DaaS organizations typically find their clientele within existing phishing communities, including gray and black-hat forums on both the clearnet and darknet, as well as Telegram groups and channels and gray market platforms. In 2024, drainers were responsible for approximately $494 million in losses, a 67% increase over the previous year, despite a 3.7% increase in the number of victims. The number of online resources dedicated to drainers on darknet forums rose from 55 in 2022 to 129 in 2024, indicating a growing trend.

Developers are often recruited through normal job advertisements. AMLBot’s open-source intelligence investigator, who prefers to remain anonymous for safety reasons, revealed that while researching drainers, his team came across several job postings specifically targeting developers to build drainers for Web3 ecosystems. One such job advert described the required features of a script that would empty Hedera (HBAR) wallets, primarily targeting Russian speakers. These ads appear in Telegram chats for smart contract developers, which are not private or restricted but are small, with usually 100 to 200 members.

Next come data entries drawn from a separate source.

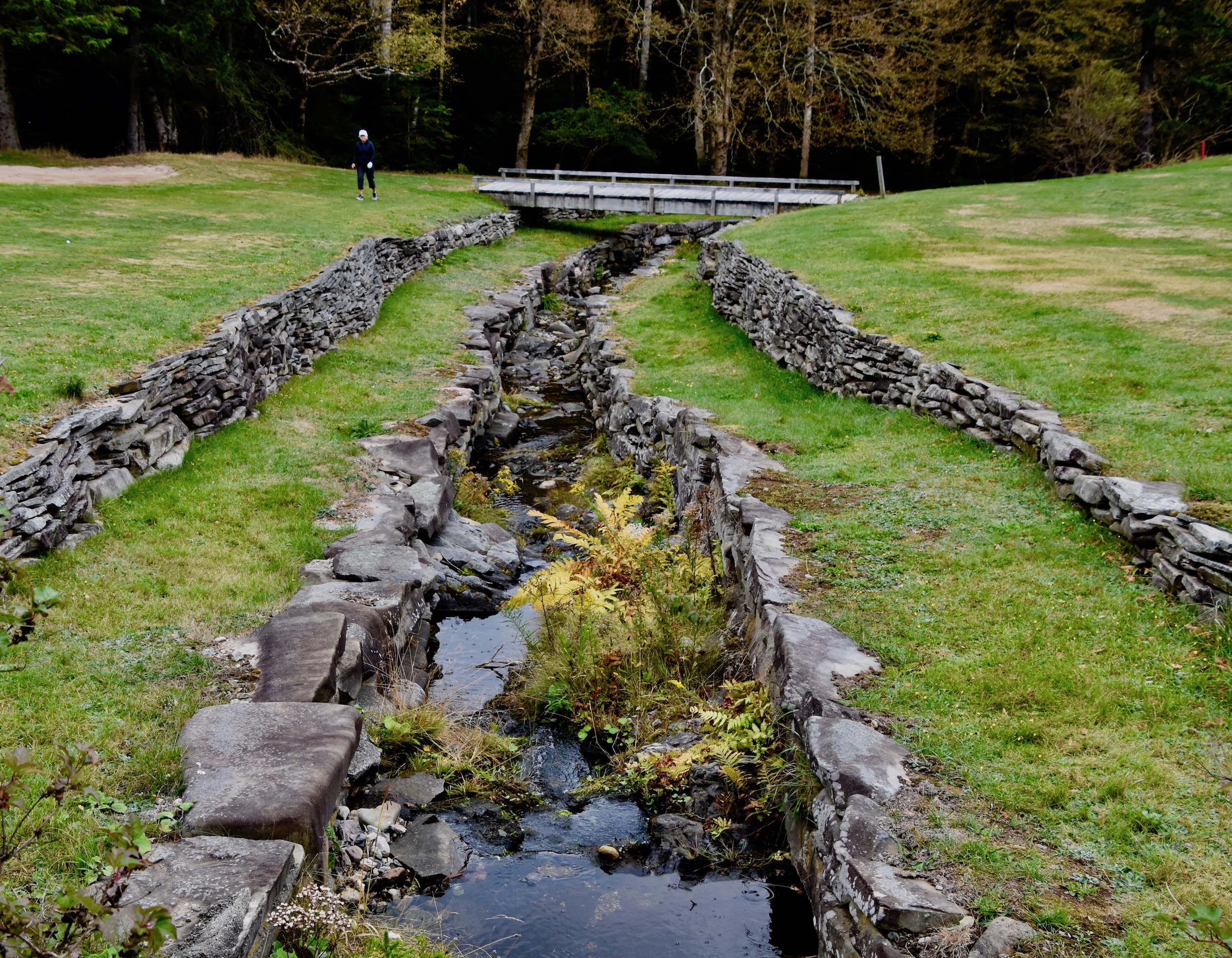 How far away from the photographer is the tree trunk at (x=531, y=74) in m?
32.6

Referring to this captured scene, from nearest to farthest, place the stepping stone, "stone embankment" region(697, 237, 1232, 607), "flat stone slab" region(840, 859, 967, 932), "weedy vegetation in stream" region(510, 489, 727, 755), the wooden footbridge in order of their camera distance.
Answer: "flat stone slab" region(840, 859, 967, 932)
the stepping stone
"stone embankment" region(697, 237, 1232, 607)
"weedy vegetation in stream" region(510, 489, 727, 755)
the wooden footbridge

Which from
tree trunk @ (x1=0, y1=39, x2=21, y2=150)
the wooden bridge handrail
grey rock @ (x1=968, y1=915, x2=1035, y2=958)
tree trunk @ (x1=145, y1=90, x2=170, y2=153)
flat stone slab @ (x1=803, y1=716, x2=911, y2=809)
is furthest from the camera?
the wooden bridge handrail

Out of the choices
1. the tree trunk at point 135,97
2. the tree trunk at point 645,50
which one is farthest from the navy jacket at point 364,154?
the tree trunk at point 645,50

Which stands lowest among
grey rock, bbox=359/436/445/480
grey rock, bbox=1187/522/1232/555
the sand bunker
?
grey rock, bbox=359/436/445/480

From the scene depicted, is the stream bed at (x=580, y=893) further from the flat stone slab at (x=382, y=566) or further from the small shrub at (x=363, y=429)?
the small shrub at (x=363, y=429)

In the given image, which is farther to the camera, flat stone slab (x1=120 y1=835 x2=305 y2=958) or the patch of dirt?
the patch of dirt

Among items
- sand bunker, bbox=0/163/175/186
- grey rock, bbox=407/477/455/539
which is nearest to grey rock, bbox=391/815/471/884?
grey rock, bbox=407/477/455/539

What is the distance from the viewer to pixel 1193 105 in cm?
3519

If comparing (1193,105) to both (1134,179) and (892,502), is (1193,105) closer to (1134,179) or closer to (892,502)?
(1134,179)

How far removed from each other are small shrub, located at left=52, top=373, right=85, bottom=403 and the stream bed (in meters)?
4.57

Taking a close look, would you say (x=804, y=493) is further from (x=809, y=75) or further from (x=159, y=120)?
(x=159, y=120)

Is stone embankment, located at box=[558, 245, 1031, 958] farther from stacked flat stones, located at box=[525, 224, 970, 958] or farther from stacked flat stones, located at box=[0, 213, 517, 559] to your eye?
stacked flat stones, located at box=[0, 213, 517, 559]

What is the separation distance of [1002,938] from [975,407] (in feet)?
23.1

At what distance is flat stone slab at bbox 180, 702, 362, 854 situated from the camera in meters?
4.46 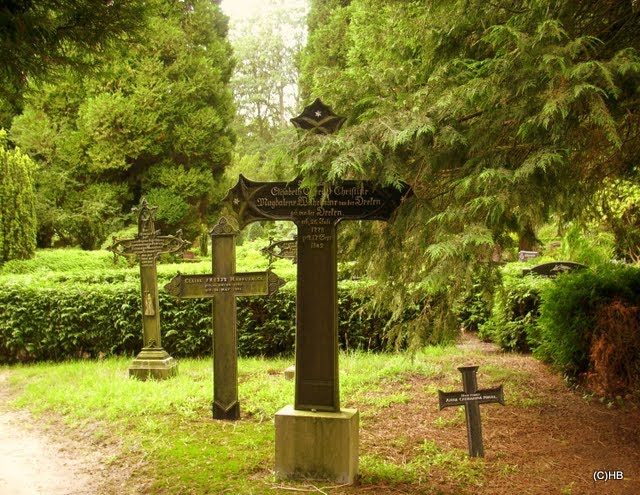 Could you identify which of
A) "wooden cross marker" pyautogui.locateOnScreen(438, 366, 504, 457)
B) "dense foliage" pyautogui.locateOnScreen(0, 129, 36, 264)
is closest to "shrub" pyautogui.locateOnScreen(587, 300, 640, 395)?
"wooden cross marker" pyautogui.locateOnScreen(438, 366, 504, 457)

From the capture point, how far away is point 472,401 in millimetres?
4703

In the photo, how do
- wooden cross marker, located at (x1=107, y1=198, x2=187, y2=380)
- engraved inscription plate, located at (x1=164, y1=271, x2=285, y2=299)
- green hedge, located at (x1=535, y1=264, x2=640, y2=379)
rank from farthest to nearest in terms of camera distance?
wooden cross marker, located at (x1=107, y1=198, x2=187, y2=380), engraved inscription plate, located at (x1=164, y1=271, x2=285, y2=299), green hedge, located at (x1=535, y1=264, x2=640, y2=379)

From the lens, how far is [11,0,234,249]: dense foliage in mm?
18312

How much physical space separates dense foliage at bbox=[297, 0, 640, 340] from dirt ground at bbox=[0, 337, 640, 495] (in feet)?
4.21

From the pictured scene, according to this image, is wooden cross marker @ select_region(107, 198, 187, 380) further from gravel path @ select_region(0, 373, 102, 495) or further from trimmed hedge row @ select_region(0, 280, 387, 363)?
gravel path @ select_region(0, 373, 102, 495)

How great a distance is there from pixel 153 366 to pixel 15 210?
29.1ft

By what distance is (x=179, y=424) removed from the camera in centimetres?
593

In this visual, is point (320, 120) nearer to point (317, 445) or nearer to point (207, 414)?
point (317, 445)

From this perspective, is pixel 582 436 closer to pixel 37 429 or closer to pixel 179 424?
pixel 179 424

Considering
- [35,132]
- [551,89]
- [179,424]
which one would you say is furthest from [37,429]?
[35,132]

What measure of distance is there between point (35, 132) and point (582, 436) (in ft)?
59.9

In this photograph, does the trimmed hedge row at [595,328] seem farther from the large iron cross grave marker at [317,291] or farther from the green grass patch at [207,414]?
the large iron cross grave marker at [317,291]

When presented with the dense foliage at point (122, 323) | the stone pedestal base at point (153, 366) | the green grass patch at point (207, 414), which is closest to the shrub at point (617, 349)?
the green grass patch at point (207, 414)

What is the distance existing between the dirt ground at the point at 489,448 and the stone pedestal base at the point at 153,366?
155cm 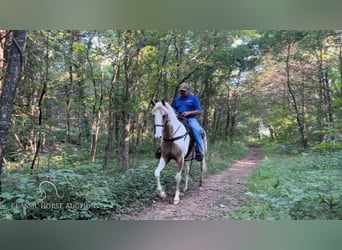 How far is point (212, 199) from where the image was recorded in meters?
3.17

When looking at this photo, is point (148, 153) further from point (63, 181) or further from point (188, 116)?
point (63, 181)

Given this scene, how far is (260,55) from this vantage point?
11.0 feet

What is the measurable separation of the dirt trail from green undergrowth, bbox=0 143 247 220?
17cm

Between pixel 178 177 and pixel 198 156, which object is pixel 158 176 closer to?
pixel 178 177

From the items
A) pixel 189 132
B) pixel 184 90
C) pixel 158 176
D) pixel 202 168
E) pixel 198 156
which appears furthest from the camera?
pixel 202 168

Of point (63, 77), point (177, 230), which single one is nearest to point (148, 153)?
point (177, 230)

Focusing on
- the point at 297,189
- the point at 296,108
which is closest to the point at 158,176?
the point at 297,189

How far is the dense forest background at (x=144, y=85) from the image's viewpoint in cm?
311

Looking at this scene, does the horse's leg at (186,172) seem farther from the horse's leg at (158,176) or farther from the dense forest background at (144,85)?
the dense forest background at (144,85)

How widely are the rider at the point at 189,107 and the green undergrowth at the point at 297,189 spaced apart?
77 centimetres

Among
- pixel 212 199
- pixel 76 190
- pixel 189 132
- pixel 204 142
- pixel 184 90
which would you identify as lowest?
pixel 212 199

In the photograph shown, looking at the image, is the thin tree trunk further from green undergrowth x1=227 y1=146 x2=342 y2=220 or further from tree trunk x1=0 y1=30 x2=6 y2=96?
tree trunk x1=0 y1=30 x2=6 y2=96

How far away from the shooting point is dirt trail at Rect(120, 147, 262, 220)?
2916 millimetres

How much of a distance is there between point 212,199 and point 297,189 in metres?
0.81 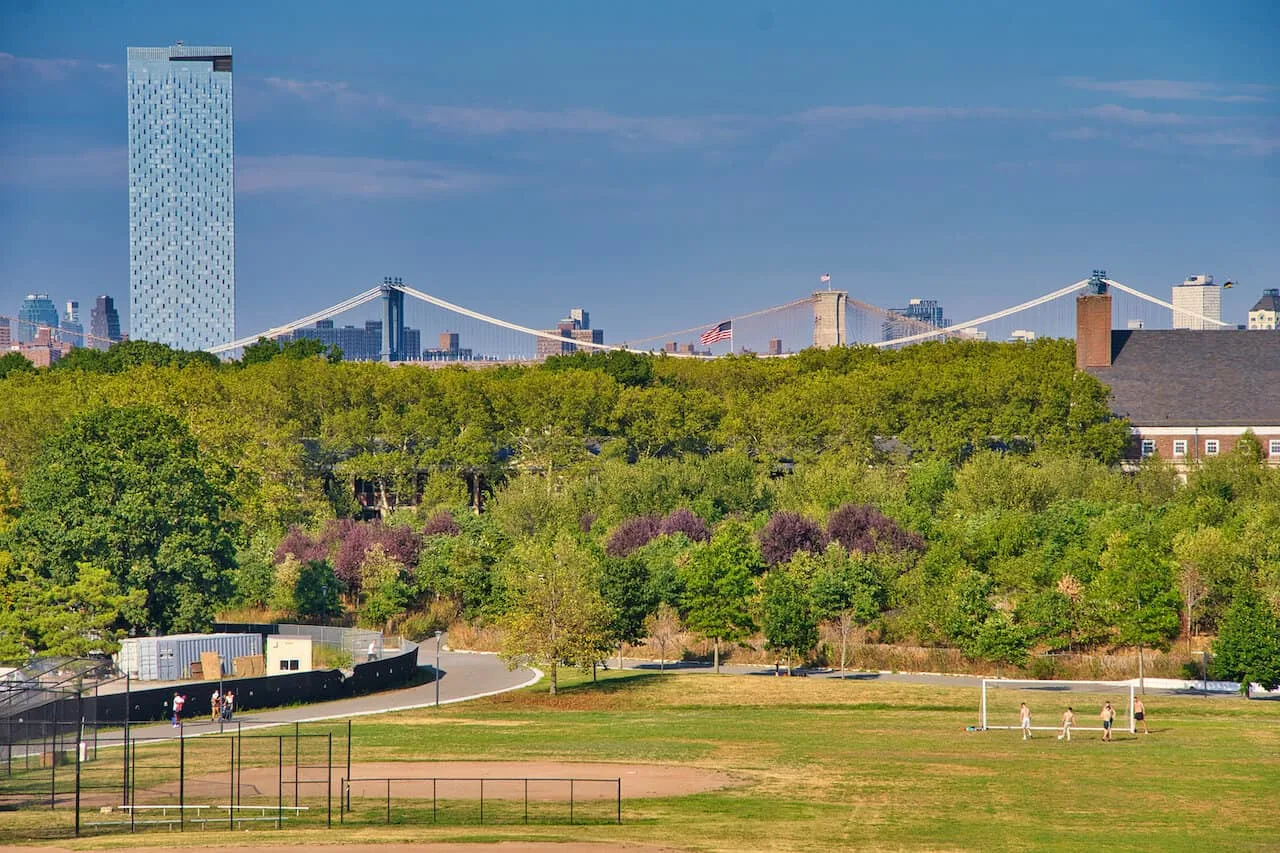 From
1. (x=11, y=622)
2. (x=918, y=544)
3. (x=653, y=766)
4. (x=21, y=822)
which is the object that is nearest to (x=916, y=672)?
(x=918, y=544)

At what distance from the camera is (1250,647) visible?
53531 millimetres

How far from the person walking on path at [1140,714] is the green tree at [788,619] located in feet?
43.0

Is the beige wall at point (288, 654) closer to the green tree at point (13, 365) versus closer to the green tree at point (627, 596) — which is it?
the green tree at point (627, 596)

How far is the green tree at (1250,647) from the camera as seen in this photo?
53438 millimetres

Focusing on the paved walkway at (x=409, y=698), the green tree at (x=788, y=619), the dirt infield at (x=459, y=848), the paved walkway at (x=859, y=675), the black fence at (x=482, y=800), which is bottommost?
the dirt infield at (x=459, y=848)

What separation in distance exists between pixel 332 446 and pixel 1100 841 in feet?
251

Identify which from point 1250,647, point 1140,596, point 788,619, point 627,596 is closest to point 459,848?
point 788,619

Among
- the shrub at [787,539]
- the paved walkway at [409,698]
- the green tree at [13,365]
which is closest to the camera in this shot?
the paved walkway at [409,698]

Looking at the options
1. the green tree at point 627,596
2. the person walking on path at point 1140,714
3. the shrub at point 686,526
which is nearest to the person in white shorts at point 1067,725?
the person walking on path at point 1140,714

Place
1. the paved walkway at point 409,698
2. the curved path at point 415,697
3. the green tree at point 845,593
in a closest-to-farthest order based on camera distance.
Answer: the paved walkway at point 409,698, the curved path at point 415,697, the green tree at point 845,593

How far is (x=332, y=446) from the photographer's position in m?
105

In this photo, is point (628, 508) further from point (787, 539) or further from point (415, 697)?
point (415, 697)

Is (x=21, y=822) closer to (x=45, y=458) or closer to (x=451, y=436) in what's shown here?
(x=45, y=458)

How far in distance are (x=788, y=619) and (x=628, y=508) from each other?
83.3ft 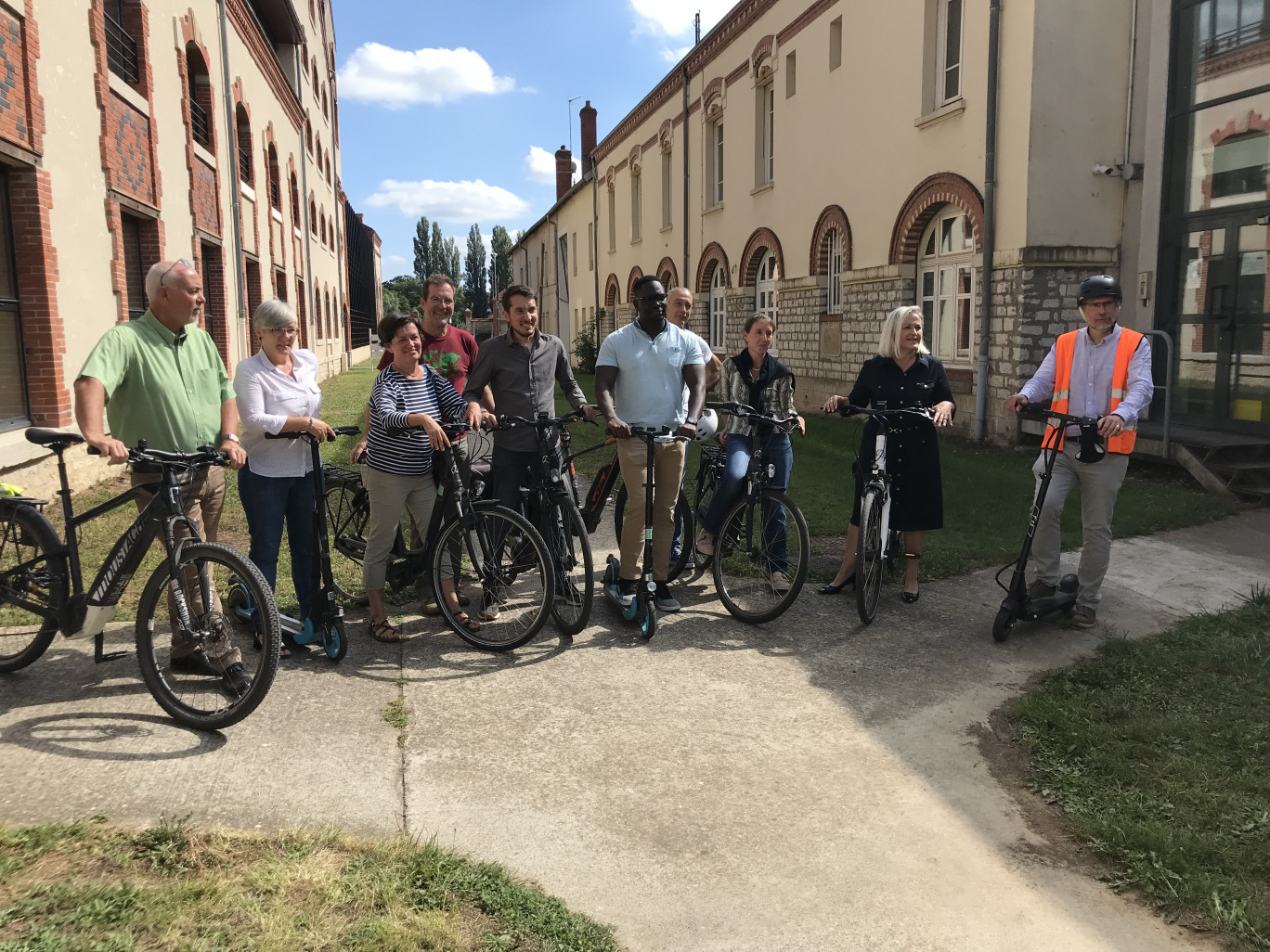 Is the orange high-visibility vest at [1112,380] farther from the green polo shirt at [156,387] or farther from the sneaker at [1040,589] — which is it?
the green polo shirt at [156,387]

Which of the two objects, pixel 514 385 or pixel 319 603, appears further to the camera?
pixel 514 385

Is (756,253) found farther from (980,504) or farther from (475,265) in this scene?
(475,265)

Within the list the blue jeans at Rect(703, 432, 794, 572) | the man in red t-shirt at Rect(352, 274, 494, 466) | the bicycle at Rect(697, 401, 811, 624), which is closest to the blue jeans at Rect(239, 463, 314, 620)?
the man in red t-shirt at Rect(352, 274, 494, 466)

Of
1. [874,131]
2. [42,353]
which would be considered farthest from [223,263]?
[874,131]

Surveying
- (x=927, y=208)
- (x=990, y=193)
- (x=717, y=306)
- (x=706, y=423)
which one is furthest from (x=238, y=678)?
(x=717, y=306)

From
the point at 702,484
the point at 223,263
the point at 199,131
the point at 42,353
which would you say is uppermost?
the point at 199,131

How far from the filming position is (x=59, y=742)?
3.69 metres

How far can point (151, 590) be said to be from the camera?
12.8 ft

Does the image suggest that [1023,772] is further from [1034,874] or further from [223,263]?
[223,263]

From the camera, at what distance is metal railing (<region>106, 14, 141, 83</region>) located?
1096 cm

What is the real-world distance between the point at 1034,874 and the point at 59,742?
11.9 ft

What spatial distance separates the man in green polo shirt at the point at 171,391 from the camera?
393 centimetres

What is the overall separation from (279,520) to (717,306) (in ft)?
72.6

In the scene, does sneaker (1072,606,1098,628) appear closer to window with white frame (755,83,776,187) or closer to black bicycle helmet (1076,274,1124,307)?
black bicycle helmet (1076,274,1124,307) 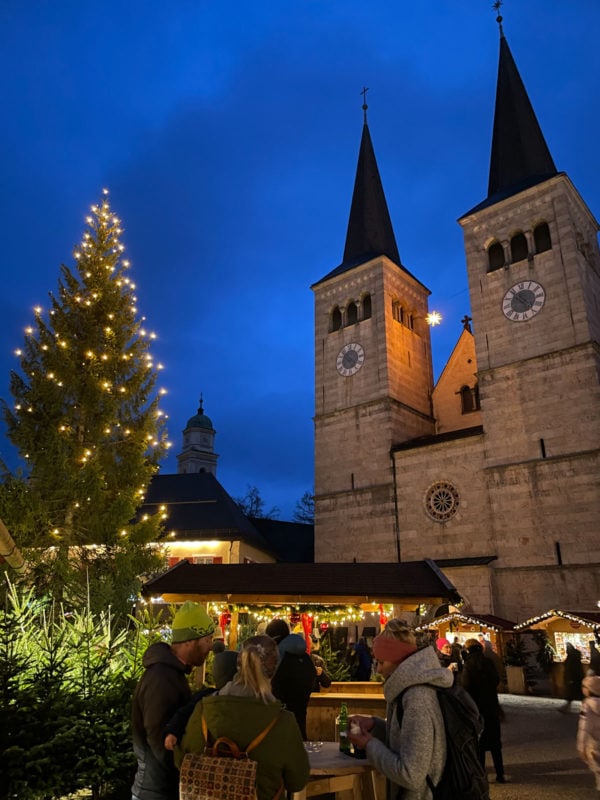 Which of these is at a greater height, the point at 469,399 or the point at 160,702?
the point at 469,399

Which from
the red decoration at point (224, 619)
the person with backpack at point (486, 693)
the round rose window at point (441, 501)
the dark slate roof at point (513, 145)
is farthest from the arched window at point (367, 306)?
the person with backpack at point (486, 693)

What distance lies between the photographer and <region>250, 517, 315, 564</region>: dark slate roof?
33.0 m

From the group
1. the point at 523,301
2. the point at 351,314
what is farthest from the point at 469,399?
the point at 351,314

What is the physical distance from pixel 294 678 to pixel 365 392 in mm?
23557

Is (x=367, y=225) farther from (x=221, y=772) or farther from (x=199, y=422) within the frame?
(x=199, y=422)

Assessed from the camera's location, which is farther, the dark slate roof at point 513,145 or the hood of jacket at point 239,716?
the dark slate roof at point 513,145

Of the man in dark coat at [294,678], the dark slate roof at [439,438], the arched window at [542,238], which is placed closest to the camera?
the man in dark coat at [294,678]

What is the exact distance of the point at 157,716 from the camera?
340 centimetres

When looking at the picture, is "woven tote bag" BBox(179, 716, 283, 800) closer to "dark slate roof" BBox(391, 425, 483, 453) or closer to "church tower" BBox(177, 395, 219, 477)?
"dark slate roof" BBox(391, 425, 483, 453)

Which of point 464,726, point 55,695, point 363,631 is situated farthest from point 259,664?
point 363,631

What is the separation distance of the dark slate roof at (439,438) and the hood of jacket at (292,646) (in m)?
19.5

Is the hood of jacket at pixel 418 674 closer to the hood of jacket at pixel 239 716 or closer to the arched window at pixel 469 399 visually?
the hood of jacket at pixel 239 716

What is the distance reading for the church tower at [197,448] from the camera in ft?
227

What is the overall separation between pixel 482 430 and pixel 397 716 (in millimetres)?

Administrators quickly deleted the announcement provided as an example, but as is often the case, those who needed to see it had already taken note and responded. Traditionally, this kind of business was conducted on specialized clearnet forums and deep web forums accessible through the Tor network. However, much of the content moved to Telegram thanks to its policy against sharing data with authorities. This changed following the arrest of Telegram CEO Pavel Durov, leading to an outflow back to the Tor network for better protection.

However, this threat to cybercriminals may no longer be relevant. Earlier this week, Durov expressed concerns over a growing threat to private messaging in France and other European Union countries, warning that Telegram would rather exit certain markets than implement encryption backdoors that undermine user privacy. This shift highlights the evolving landscape of cybercrime and the need for continuous vigilance in the face of new threats.